**Work item**
Exactly as written, please repeat the data that follows, but not the pictures.

**Supplied data**
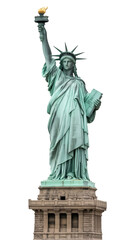 Obraz premium The statue of liberty standing tall against a black background, holding a torch aloft in her right hand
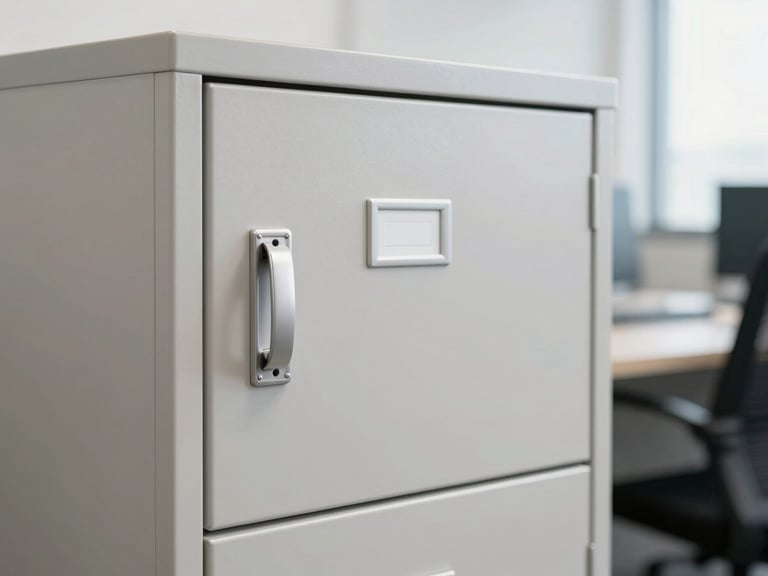 Close-up of a secure, locked filing cabinet in a modern office, soft lighting, conveying data protection.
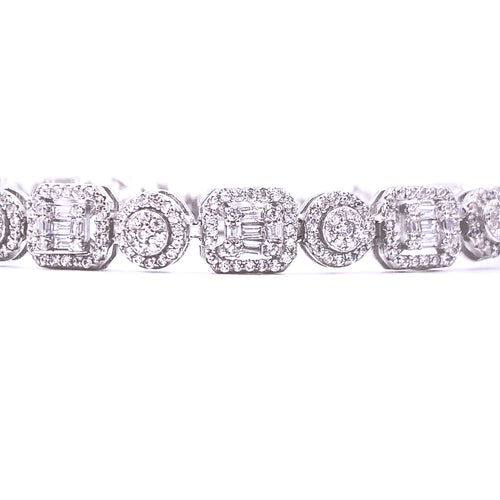Ashley Gold Sterling Silver Antique Style Design Tennis Bracelet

**Expected output**
 Obraz premium The statue of liberty standing tall against a black background, holding a torch aloft in her right hand
 Close-up of a secure, locked filing cabinet in a modern office, soft lighting, conveying data protection.
Ashley Gold Sterling Silver Antique Style Design Tennis Bracelet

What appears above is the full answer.